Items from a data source
= = = = = = =
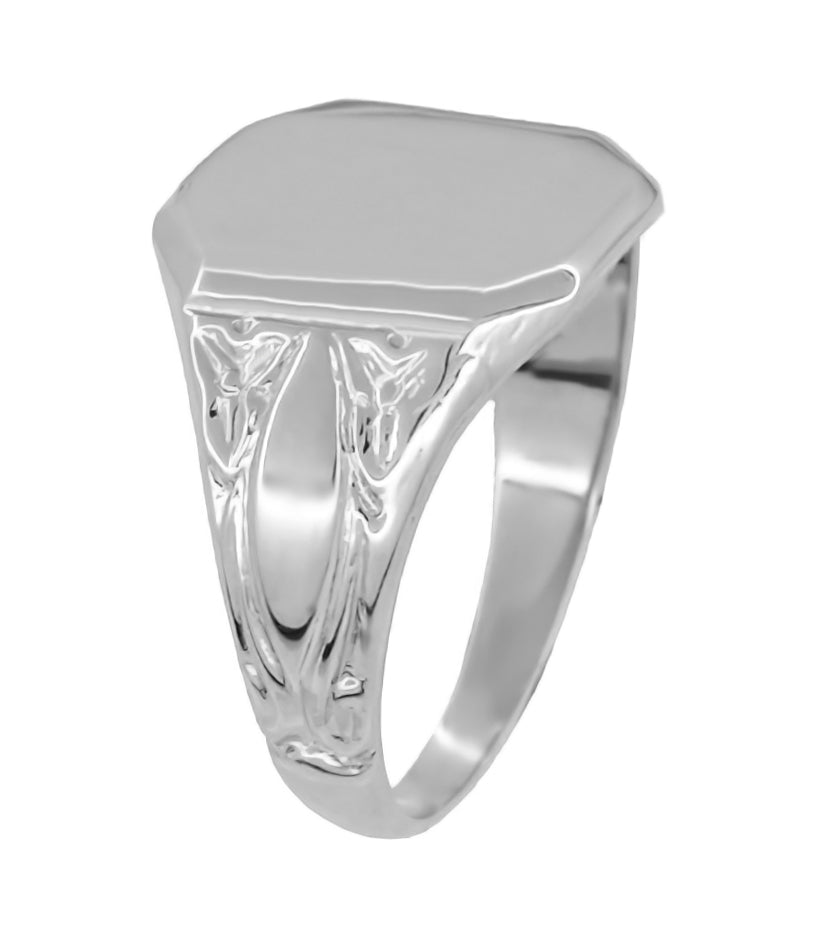 Antique Style Chased Victorian Square Signet Ring in White Gold - Item: MR119W10 - Image: 2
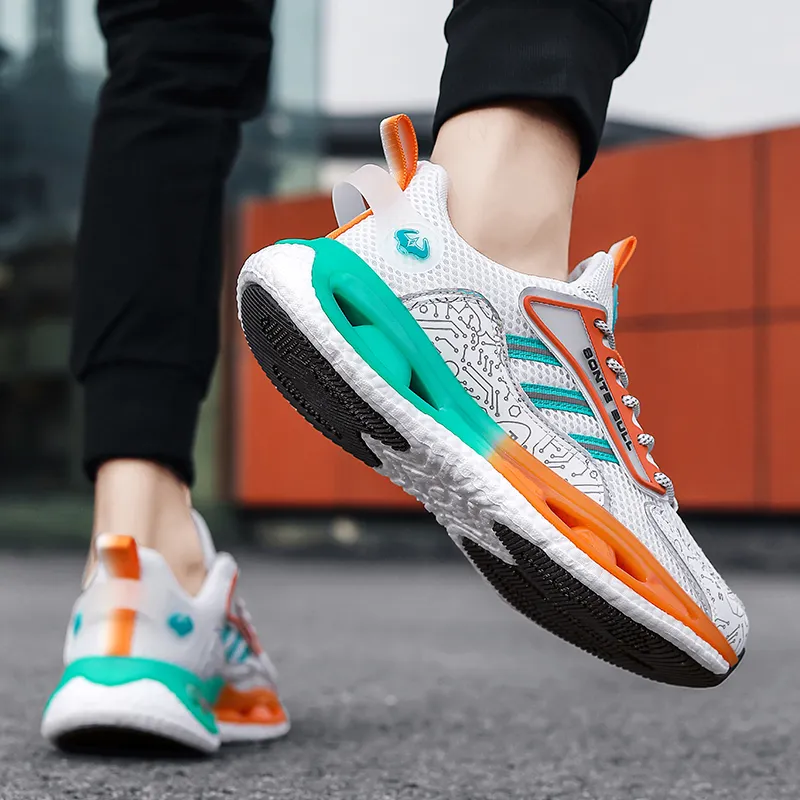 Kinglake Cushioning Slip Resistant Low Top Running Shoes Men's Willow Green Orange-6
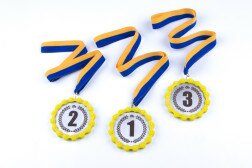 Комплект медалей Trek жовта окантовка  Фото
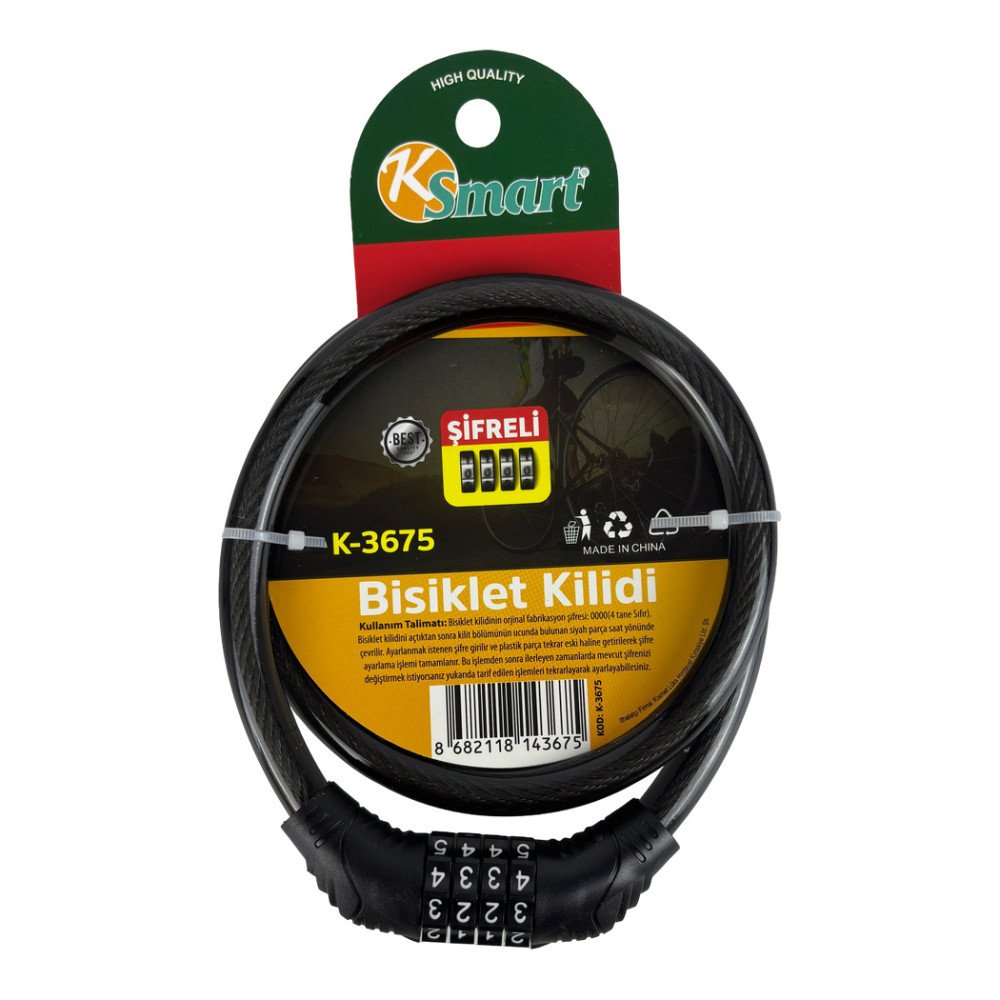 K-3675 Büyük Boy Şifreli Bisiklet Kilidi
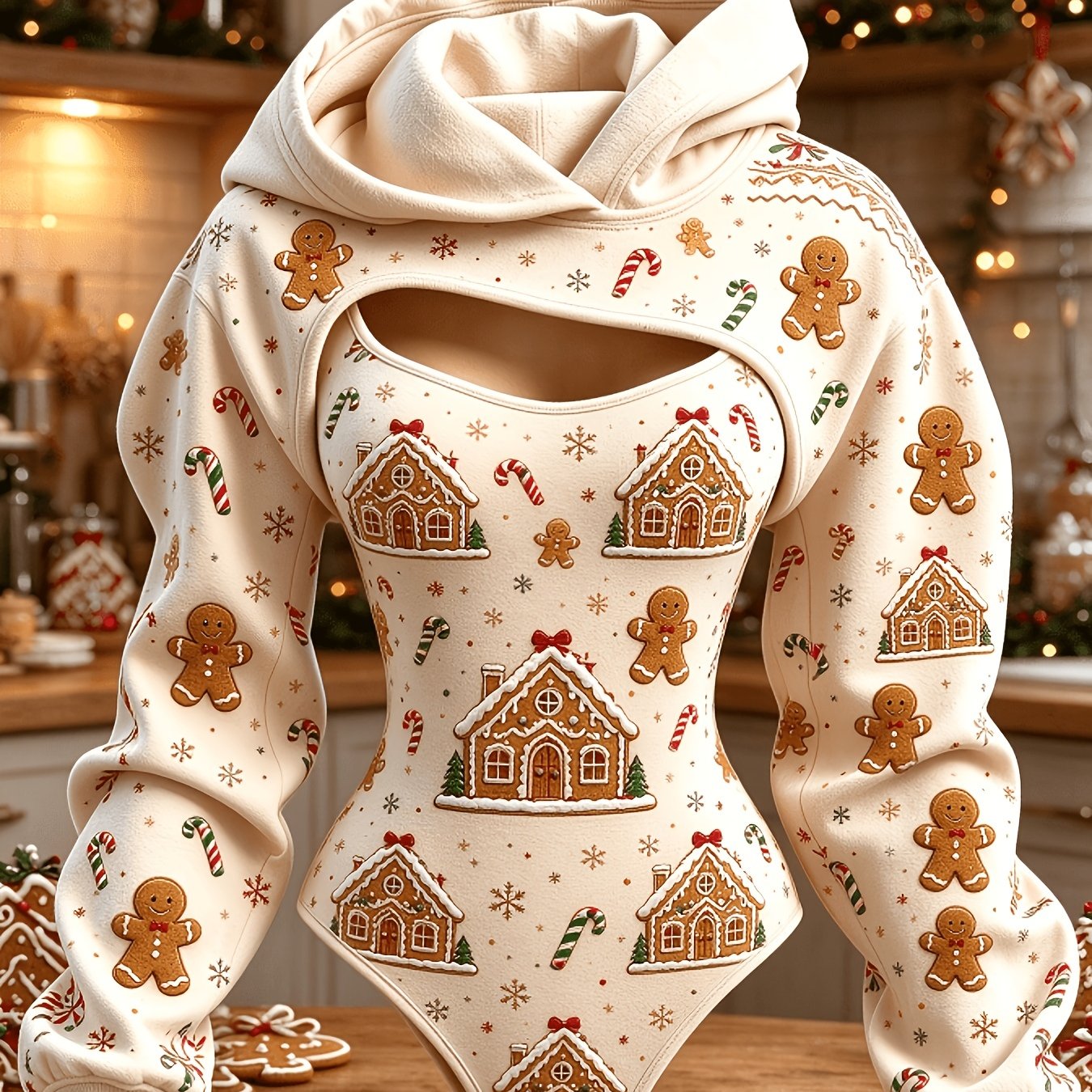 Image of Women's Gingerbread House And Men's Printed 2pcs Set, Long Sleeve Hooded Cover-up, High-waisted Jumpsuit Set, Y2k Holiday Party Casual Hooded Jumpsuit Top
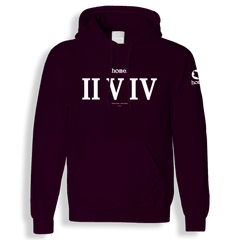 home_254 CLARET HOODIE (HEAVY FABRIC) WITH A WHITE ROMAN PRINT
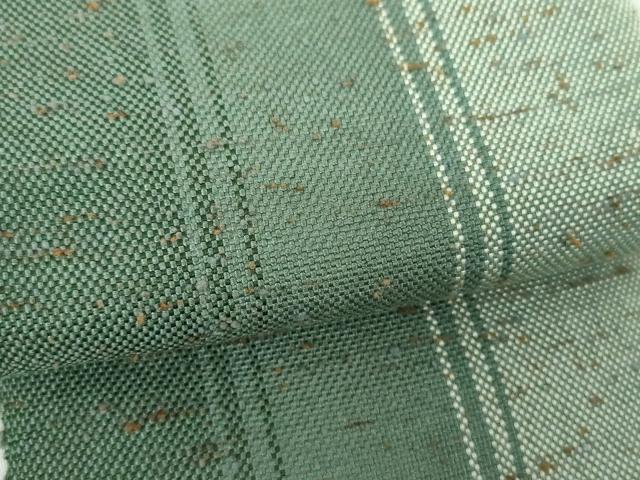 平和屋着物○男性 両面 角帯 ぜんまい紬 間道 共箱付き 正絹 逸品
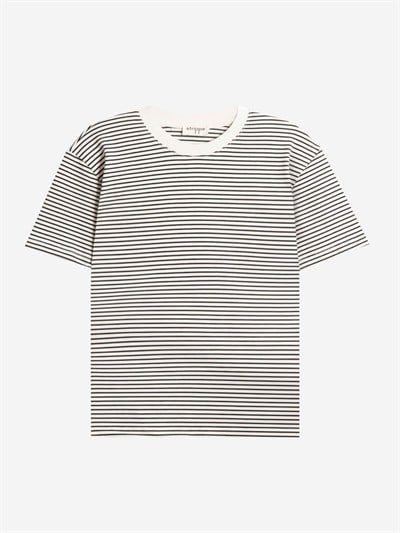 BRETON	 - Siyah Çizgili Regular Kalıp Krem T-shirt 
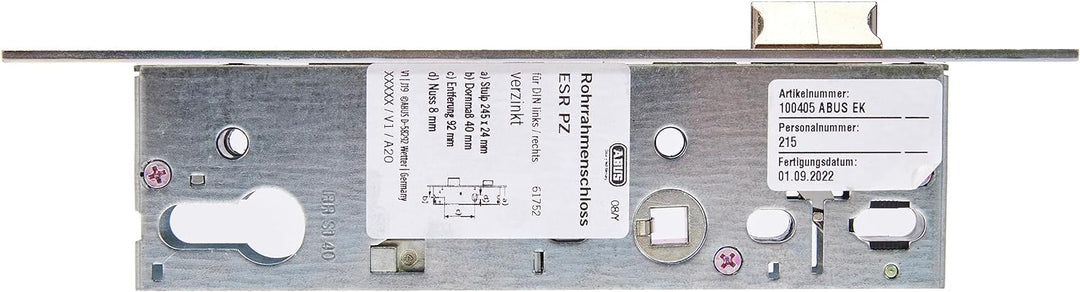 ABUS - Einsteckschloss Rohrahmentür ESR PZ LR Z 40 92 24-61752 40mm, 40mm
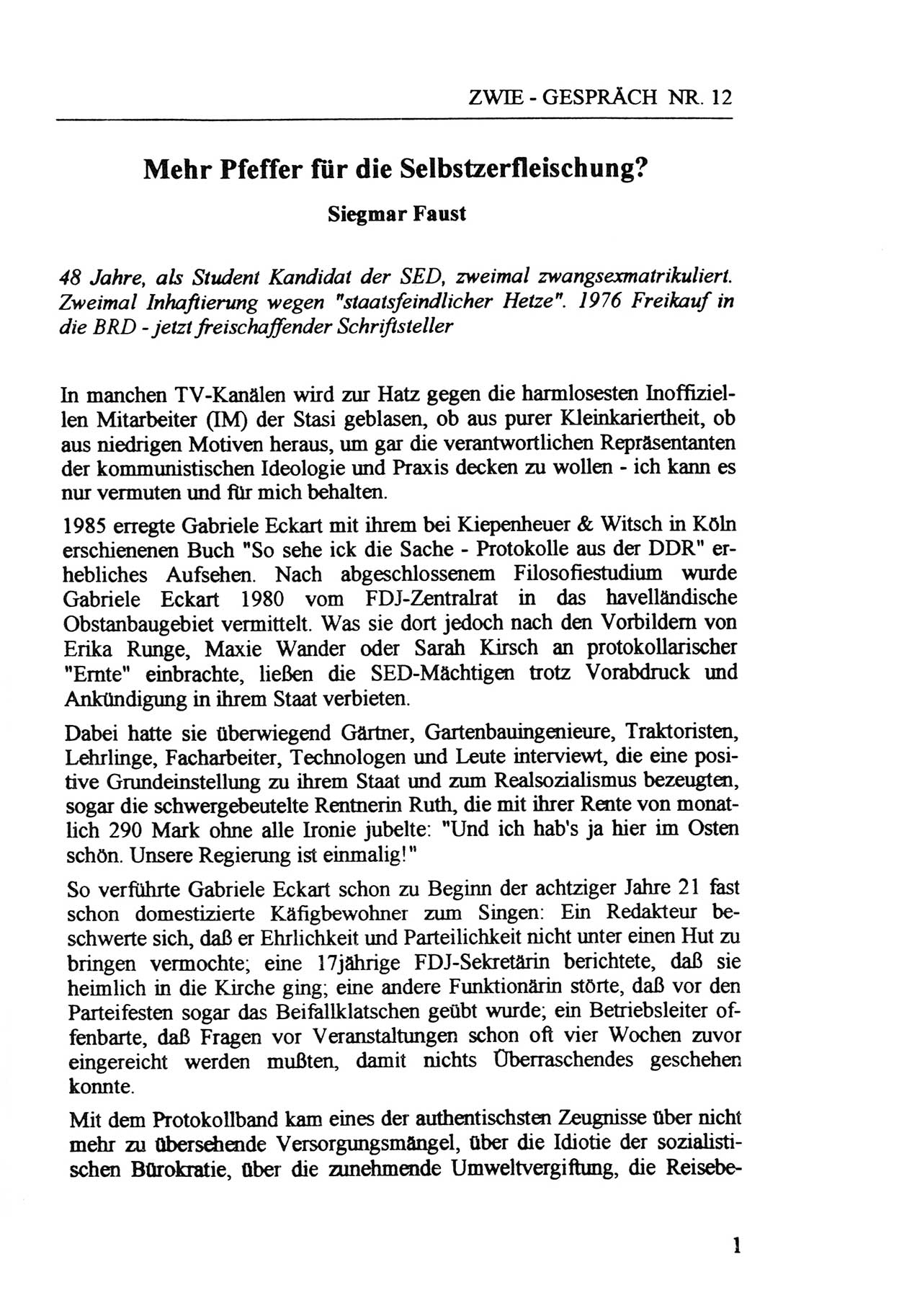 Zwie-Gespräch, Beiträge zur Aufarbeitung der Staatssicherheits-Vergangenheit [Deutsche Demokratische Republik (DDR)], Ausgabe Nr. 12, Berlin 1993, Seite 1 (Zwie-Gespr. Ausg. 12 1993, S. 1)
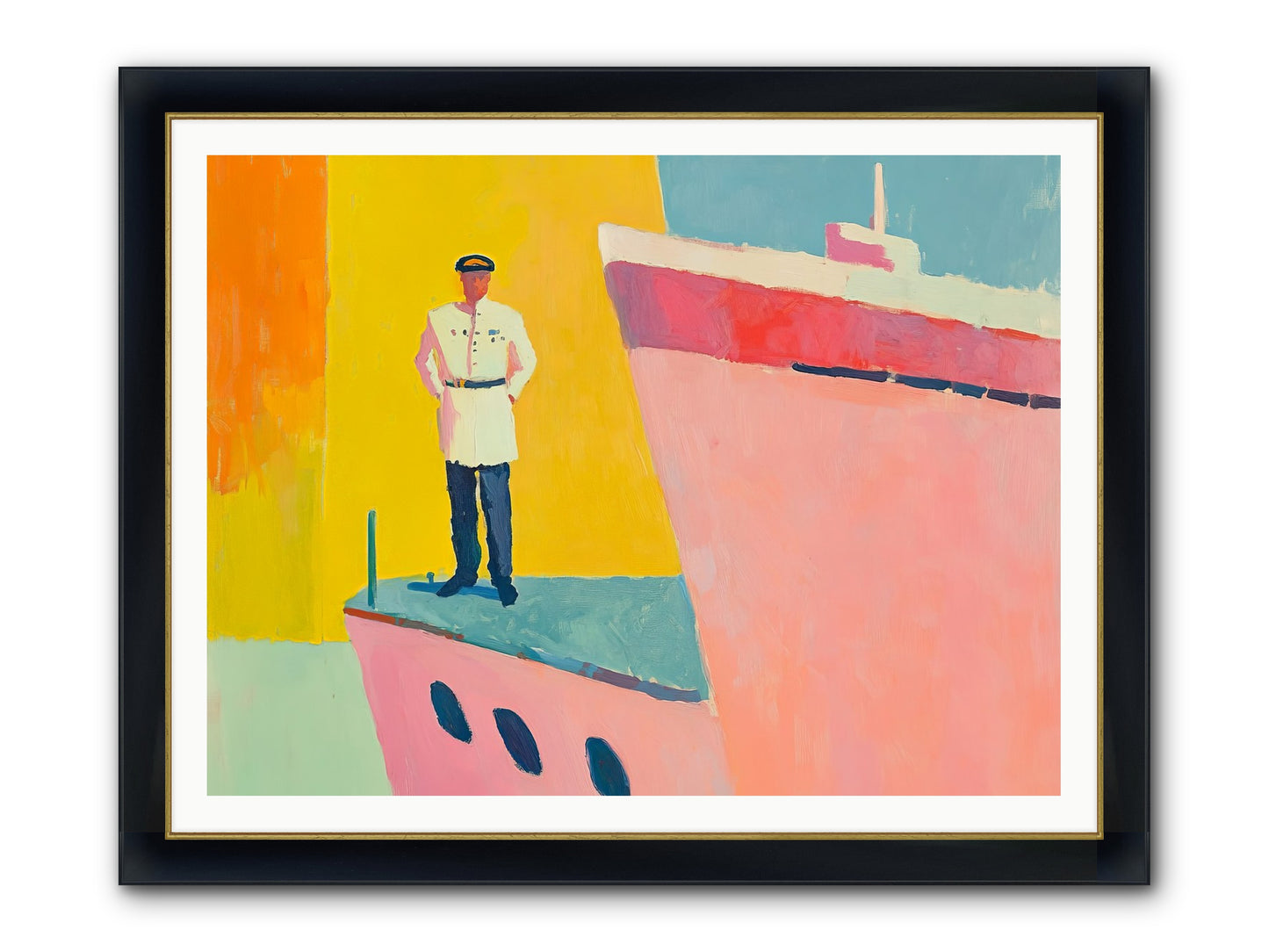 The Navigator Framed Print - Wide Black w/Gold 48x36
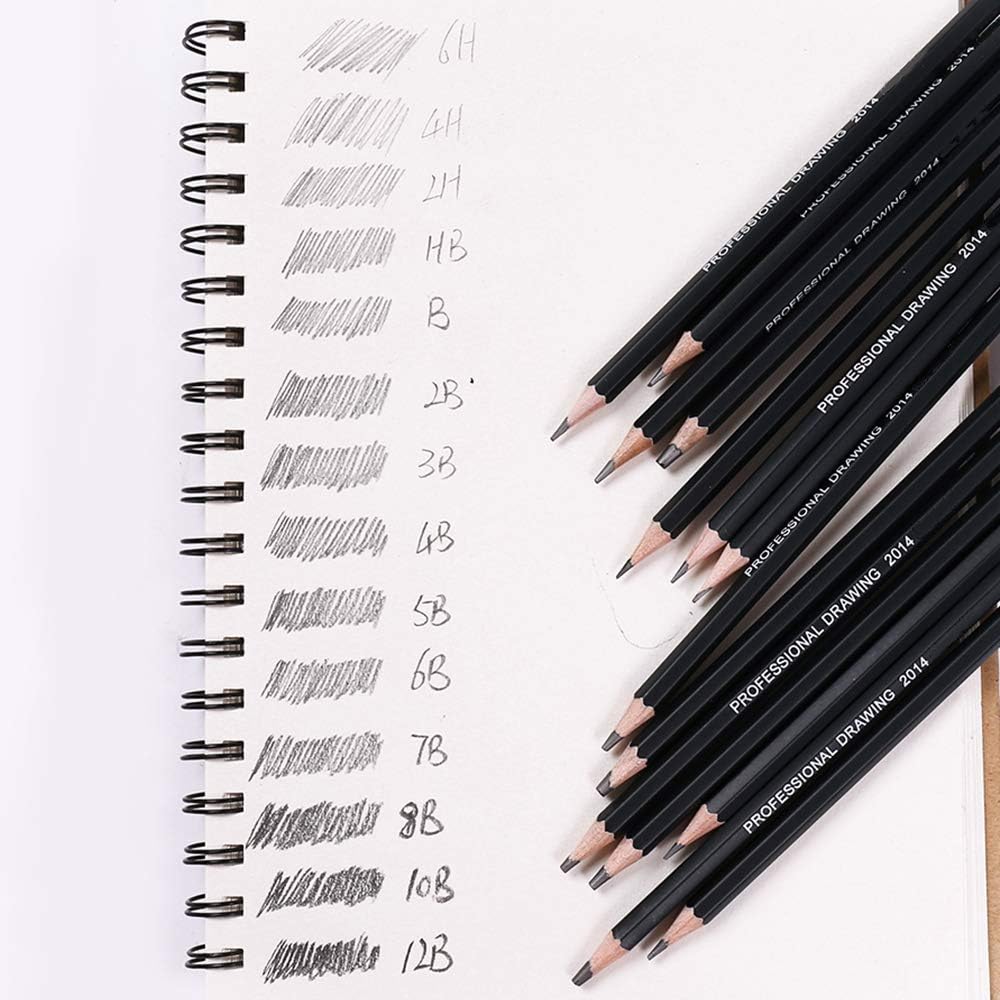 pophmn-ensemble-de-crayons-dessin-14-pi-ces-croquis-art-dessin-crayon
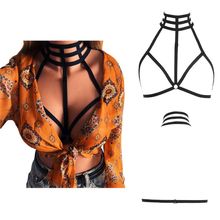 Womens Sexy Halter High Neck Cage Bandage Lingerie Bustier Hollow Out Strappy Harness Bra Erotic Open Cup Underwear Crop Top 2024 - buy cheap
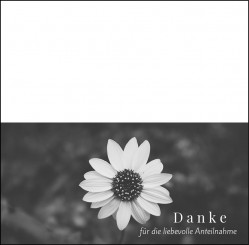 Trauerdanksagung "Blume schwarz-weiss" (100403)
= = = = = = =
TASK DIRECTIONS: From the line containing "Image of Women's" through the final line of the records, write out each line exactly, and include no pictures.

TASK RESULT:
 Image of Women's Gingerbread House And Men's Printed 2pcs Set, Long Sleeve Hooded Cover-up, High-waisted Jumpsuit Set, Y2k Holiday Party Casual Hooded Jumpsuit Top
 home_254 CLARET HOODIE (HEAVY FABRIC) WITH A WHITE ROMAN PRINT
 平和屋着物○男性 両面 角帯 ぜんまい紬 間道 共箱付き 正絹 逸品
 BRETON	 - Siyah Çizgili Regular Kalıp Krem T-shirt 
 ABUS - Einsteckschloss Rohrahmentür ESR PZ LR Z 40 92 24-61752 40mm, 40mm
 Zwie-Gespräch, Beiträge zur Aufarbeitung der Staatssicherheits-Vergangenheit [Deutsche Demokratische Republik (DDR)], Ausgabe Nr. 12, Berlin 1993, Seite 1 (Zwie-Gespr. Ausg. 12 1993, S. 1)
 The Navigator Framed Print - Wide Black w/Gold 48x36
 pophmn-ensemble-de-crayons-dessin-14-pi-ces-croquis-art-dessin-crayon
 Womens Sexy Halter High Neck Cage Bandage Lingerie Bustier Hollow Out Strappy Harness Bra Erotic Open Cup Underwear Crop Top 2024 - buy cheap
 Trauerdanksagung "Blume schwarz-weiss" (100403)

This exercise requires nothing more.